Hüseyin öne doğru bağırıyor, ben de yanındayım.”Üseyin, Üseyin ulalı böyle zûlüm
görmedi be aretlikler!” Bu sözleri de ben eklediydim..Üseyin meğer ciddi, ciddi
söylermiş, suratını koyulaştırdı, dudaklarını sarkıttı.
“Sakinleş
hocam, şimdi gördüğün gibi çıktık mahalleden..” Konuyu değiştirmek için yanındaki
Bülent’e bakıyorum.
“Oğlum
Hüseyin, senin ismin, Irak’ta Suriye’de elini kolunu sallıyarak dolaşırken, çevrilirsen, ellerinde keleş ve kollarında siyah kurdeleli adamlara, adını Ebu
Bekr de Mustafa de, ama sakın Hüseyin deme kafanı alırlar. “
“Neden?”,
Hüseyin sordu sakince. Bülent;
“Babamın ismi de Hasan biliyor musun?” dedi Hüseyin.

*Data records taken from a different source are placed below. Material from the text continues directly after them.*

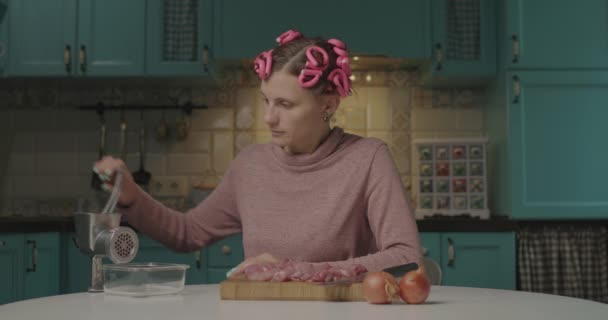 30 anos mulher jovem com encrespadores de cabelo na cabeça cozinhar carne em picador sentado na cozinha. dona de casa cozinhar em casa sozinho. — Vídeo de Stock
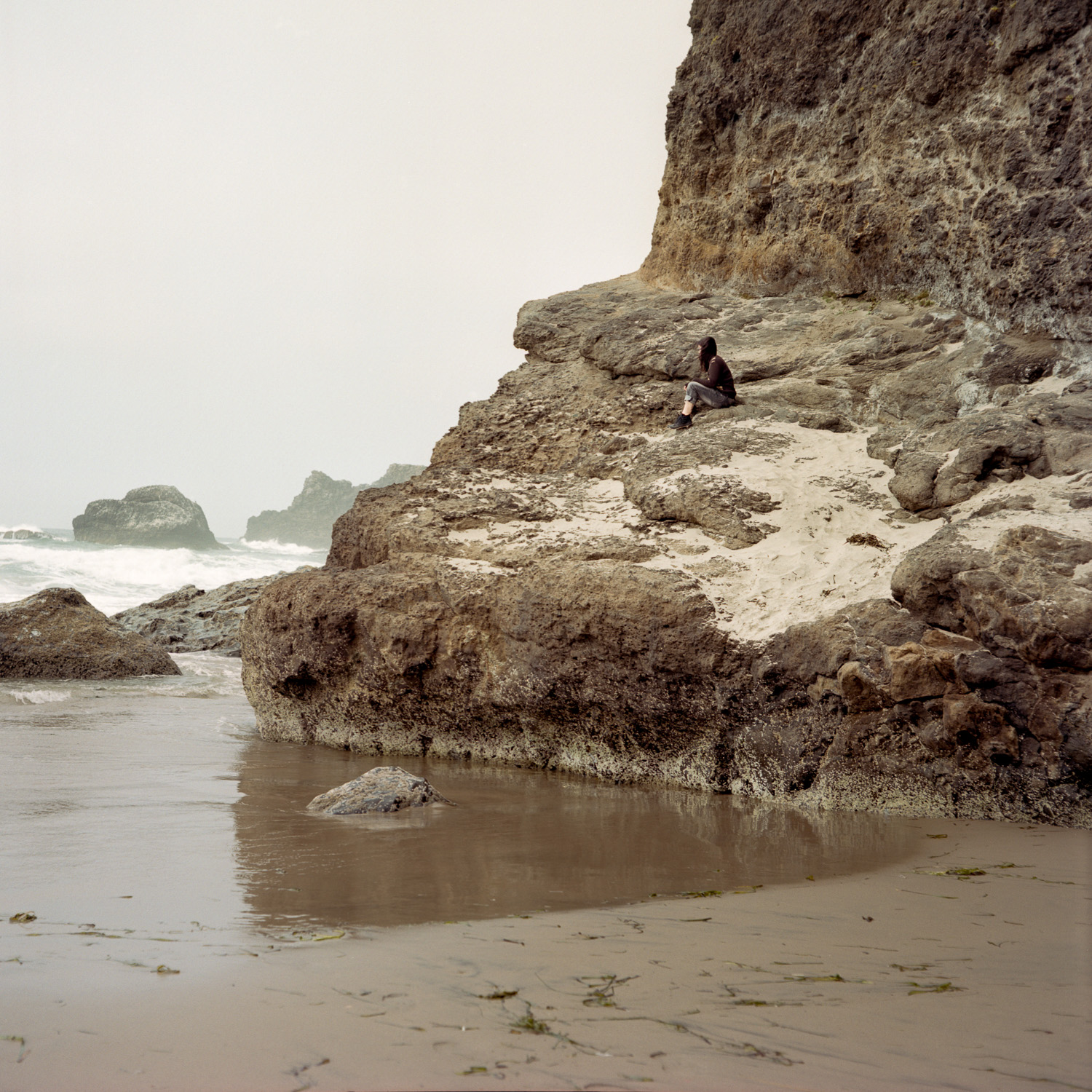 Color image of a lone figure sitting on a rock outcropping on the Pacific Ocean.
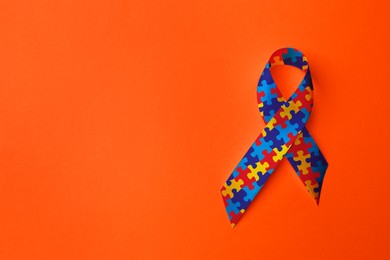 World Autism Awareness Day. Colorful puzzle ribbon on orange background, top view with space for text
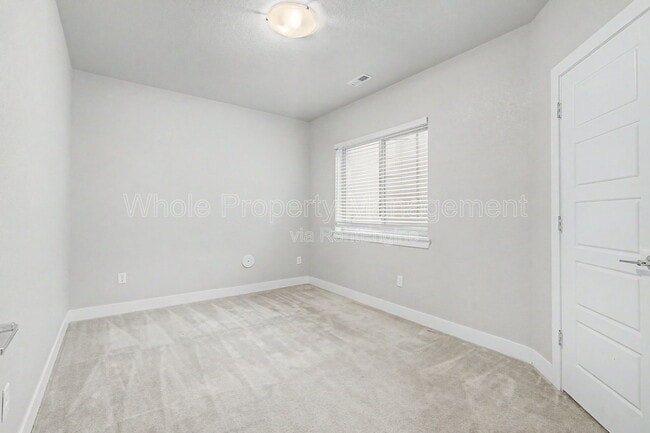 Building Photo - 9985 E 59th Ave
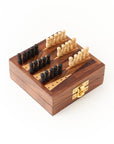 A wooden backgammon game set with black and white pegs arranged on the board with a white background.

Otobüsten indik, Tabyanın bulunduğu yere doğru yürüyoruz,
tepenin altında atları otlasınlar diye bırakmışlar, biz orada olduğumuz sürece
keyifli bir şekilde otladılar.
Çarın Askerleri ilk defa buraya kadar geldiklerini tescil
için bir anıt yapmışlar, ki daha sonra onun yıkılışı, 1914 Kasım ayında ilk
Türk sinemacılarından Fuat Kınay askerde iken filme almış, seyredenler var,
Rakım Çalapala, Cemil Filmer gibi, ilk belgeselimiz sayılır ama şimdi kayıp. Olmayan
Arşiv yutmuş olmalı…
Grubumuz bir toplu fotoğraf çektirdi, Mehmet Şükrü Paşa
anıtının önünde. Tepeden aşağı indik.
Avluya giren ana kapının sağ yan tarafında hanım sultanın buranın inşaatı için hediye ettiği elmas küpelerini temsilen demirden yapılmış stilize küpeler asılmış. Bu ne kadar kadirşinaslık bina yok oluncaya kadar bu küpeler Edirne’lilere hanım sultanın katkısını hatirlatacak.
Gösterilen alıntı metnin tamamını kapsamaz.